News

Advancing trustworthy data through ETL validation and data quality assessment

Publiced on:

June 9, 2026

On 21 May, the fourth INDICATE training session brought together participants from across the consortium to explore one of the most critical aspects of data integration: ensuring data quality throughout the ETL (Extract, Transform, Load) process.

Led by Celia Alvarez Romero and María González-Lopez from the Computational Health Informatics Group at Virgen del Rocío University Hospital, the training focused on practical approaches to data validation, quality assessment, and troubleshooting within the INDICATE data infrastructure.

Participants revisited the process of transforming intensive care data from different hospital systems into common standards that enable information to be shared and analysed consistently across institutions. The discussion highlighted that achieving this requires more than technical tools and data standards. It depends on close collaboration between clinicians, data experts, terminology specialists, and technical teams to ensure that clinical information is accurately represented and can be reused for research and innovation.

A major focus was on data quality assessment. Rather than discussing validation only from a theoretical perspective, participants followed the fictional journey of “Hospital A”, a European hospital preparing to join INDICATE as a data provider. After successfully completing its ETL process and creating a local OMOP instance, Hospital A began evaluating the quality of its transformed data.

Using a series of realistic scenarios, attendees explored common challenges such as missing data, incorrect units, mapping inconsistencies, and implausible values. Together, they discussed the most likely causes of these issues and identified practical solutions.

Participants also reviewed the results of a recent survey among INDICATE data providers across Europe. The findings of this survey are that many hospitals already have strong foundations in place for sharing and secondary use of intensive care data for research purposes. At the same time, the survey highlighted several common challenges, including limited staff capacity for data integration and ETL work, difficulties in achieving interoperability across different hospital systems, and varying levels of maturity in data quality management and validation processes.

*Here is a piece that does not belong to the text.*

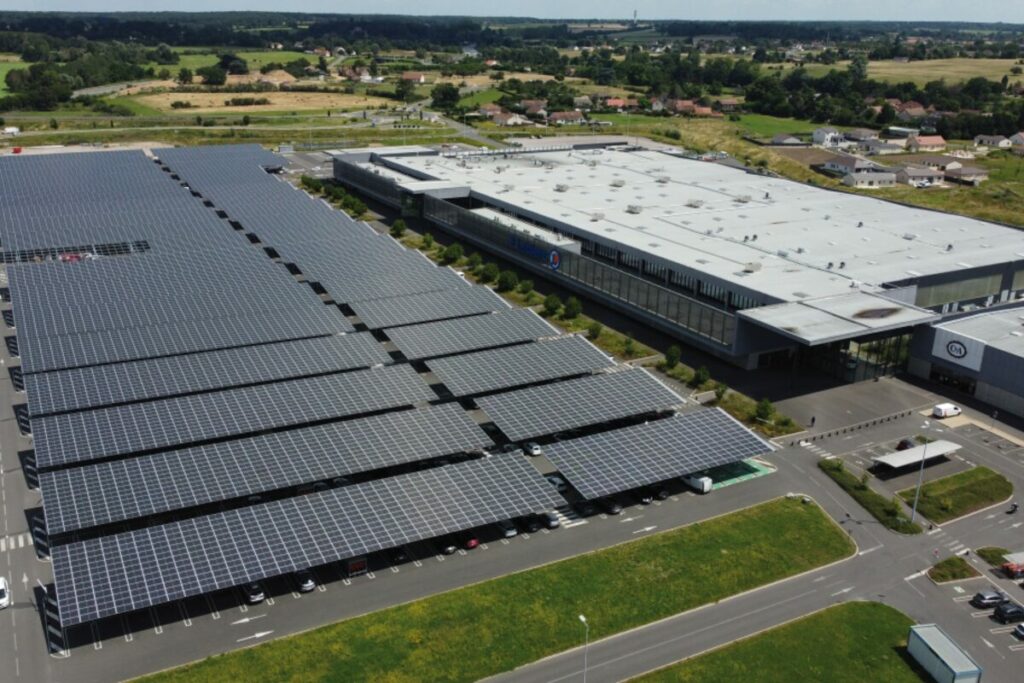 Ombrière solaire photovoltaïque sur un parking d'entreprise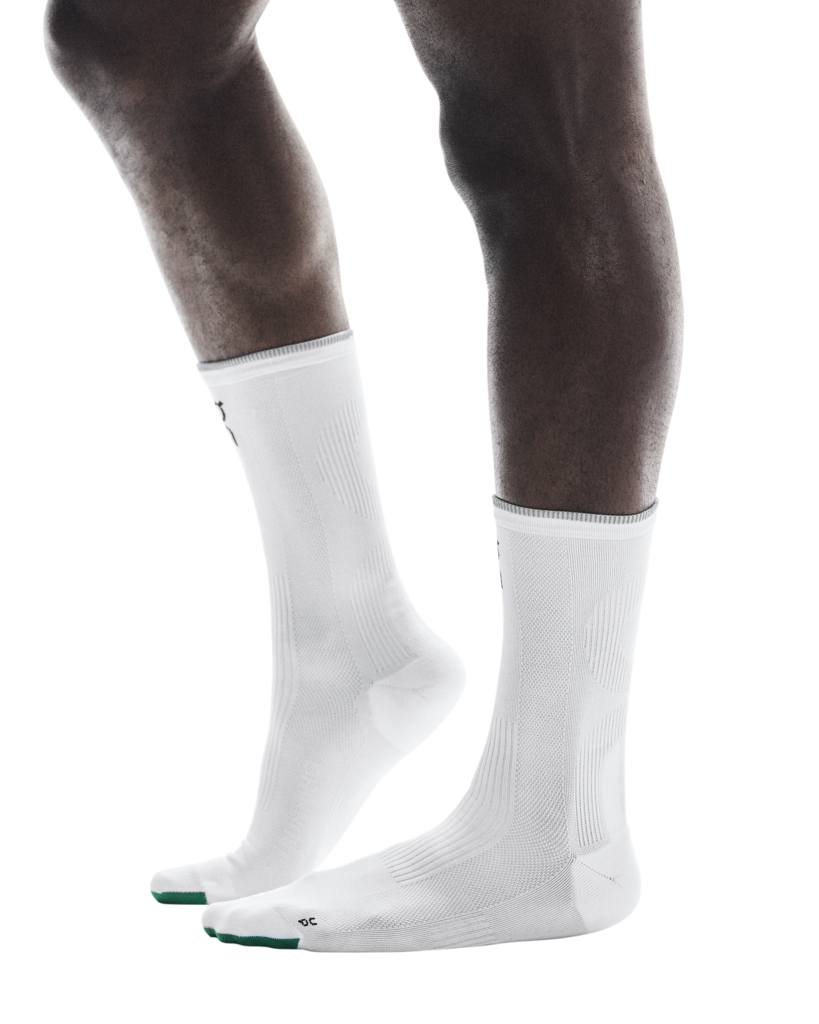 On Unisex Elite Run Sock High - White / Ivory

One of the central takeaways was that data quality is not a one-time task but an ongoing, collaborative effort. Effective validation requires continuous communication between clinicians, data stewards, ETL developers, and technical experts to ensure that data remains accurate, complete, and fit for federated research and AI applications.

The INDICATE Training programme on Data Model & Data Enablement consists of five sessions. The next and last session will take place on June 17, 14:00–16:00 CEST.